Sétimos
Aforismos
«(…)
Fui passear ao Jardim Zoológico. E diz-me a certa altura um passarinho: há
menos sentido metafísico no interior da cabeça de muitos macacos..., que no
exterior do pescoço..., da dona girafa!
Duas
hipóteses. A hipótese da vida para além da morte. E a hipótese do nada para
além da morte. Duas hipóteses. Duas apostas. Duas opostas..., apostas! Mas a
primeira, se perder, não conhece a derrota; e a segunda, se ganhar, não conhece
a vitória. Qual a melhor?
Desculpem,
mas eu acho que todos os verdadeiros poetas deviam ser cristãos. Pois o que é
um poeta? Alguém capaz, alguém especialmente capaz, de acreditar no impossível. Alguém capaz de duvidar de
tudo, menos do impossível. Ora o impossível por excelência, o impossível dos impossíveis: eis a base do cristianismo: o Verbo fazer-se carne;
Deus fazer-se homem. Sim, o Evangelho devia ser pregado, em primeiro lugar, aos
autênticos eleitos..., aos autênticos poetas... E só depois, quando estes o
recusassem, (como de facto muitos o recusam), à outra gente, às outras gentes:
aos gentios, aos outros homens... A nós: os cegos, os coxos, os pobres, os
inválidos...
Revolta-me
a perspectiva de um fim do mundo provavelmente próximo devido ao benemérito avanço
da Civilização; devido ao abençoado requinte da Técnica. Só bombas atómicas já
as há fabricadas e armazenadas, prontinhas para consumo, em número acima, muito
acima do necessário para aniquilar toda a vida, vegetal, animal e humana, sobre
a face da Terra. E indigna-me, confesso, pelo menos muitas vezes indigna-me,
pensar que o Homem se suicida; pensar que o Planeta qualquer dia rebenta.
Outras vezes, porém, também confesso: quase que estou como certa velhota minha
vizinha. Mlnha vizinha..., e muito beata... Essa velhota (muito beata..., e
minha vizinha...) quando lhe falam na supremamente angustiante, horrível, trágica,
super-trágica hipótese de se acabar o Mundo, encolhe os ombros, e faz apenas
este comentário: Não se acaba grande
coisa.
Hegel
disse: Eu vi Napoleão a cavalo: eu vi o Espírito a cavalo.
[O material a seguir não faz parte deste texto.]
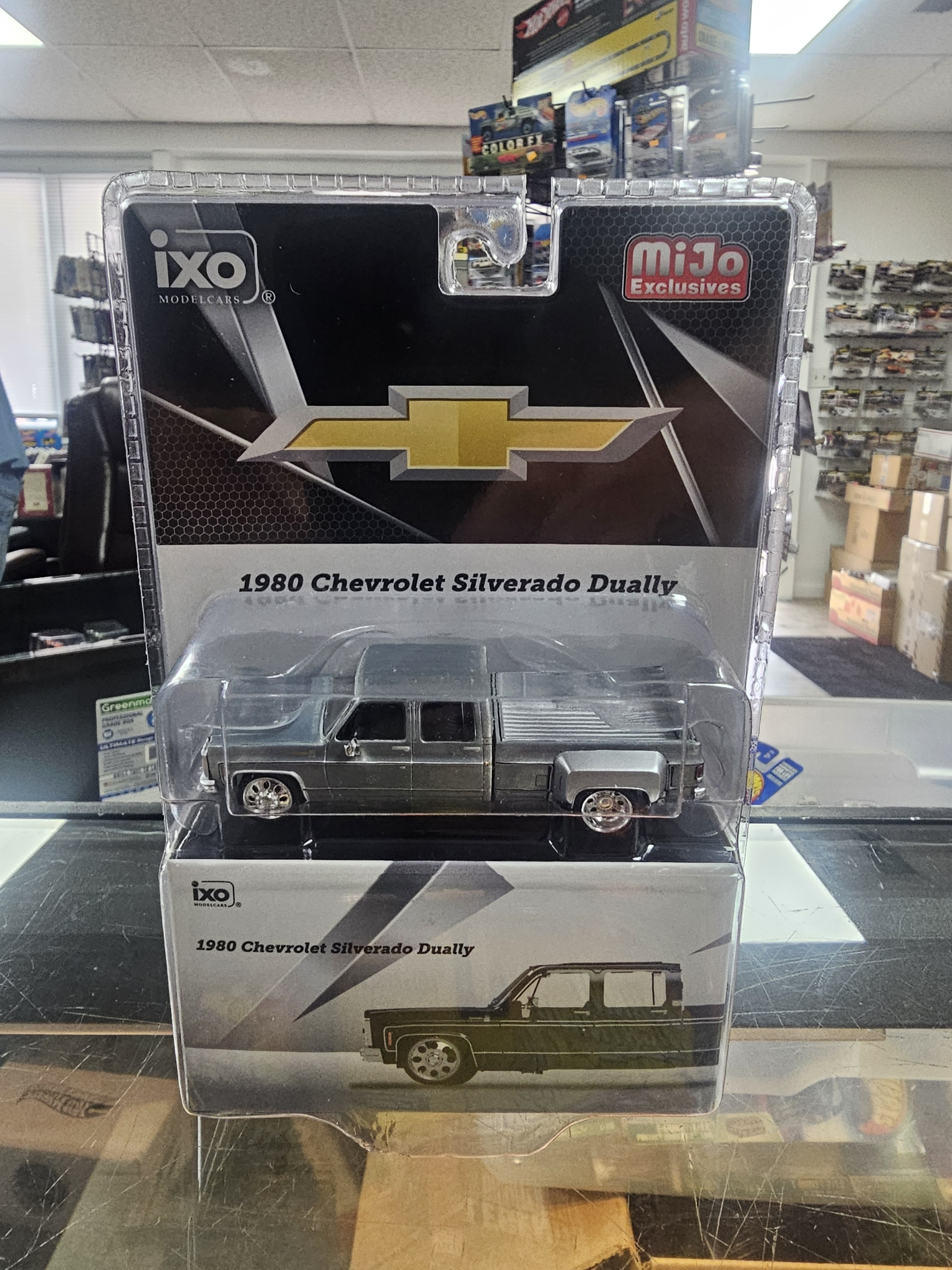 IXO 1:64 1980 Chevrolet Silverado C30 Crew Cab Dually – Chase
Là-dessus, o cavalo do
Napoleão, a besta do Napoleão menos mentira, se retorquira: Viu-se o Hegel a
pé: viu-se o Espírito à pata.
Porque
será que Francisco de Assis, explicando aos animais, às plantas e às pedras a
doutrina cristã, constitui uma figura de mestre sublime, e o filósofo Hegel, se
explicasse aos animais, às plantas ou às pedras, que todo o real é racional, faria uma figura de parvo ridículo?
Das
provas da existência de Deus, a melhor..., é documental. Um argumento..., documento! Documento? Fac-simile. Fotocópia! Fotocópia?! Fotocópia...,
de Deus! Hein?! Fotocópia de Deus?! Perfeita! E autenticada! Autenticada?! Com
selos e tudo. Com selos e tudo?! Com estigmas e tudo...
Discutem
os teólogos se uma coisa que S. Francisco fez, no início da sua carreira de
santo, foi pecado ou não. Essa coisa foi: agarrar no dinheiro, no rico dinheiro
de Pedro Bernardão, e atirá-lo (ao dinheiro...) pela janela fora. Eu não sou
teólogo; eu sou literato. Eu acho que S. Francisco errou, pecou..., gramaticalmente; acertou..., estilisticamente».
In
Vicente Sanches, Van Gogh e Sétimos Aforismos, edição numerada com nº 000051,
Gráfico de S. José, Castelo Branco, 1990.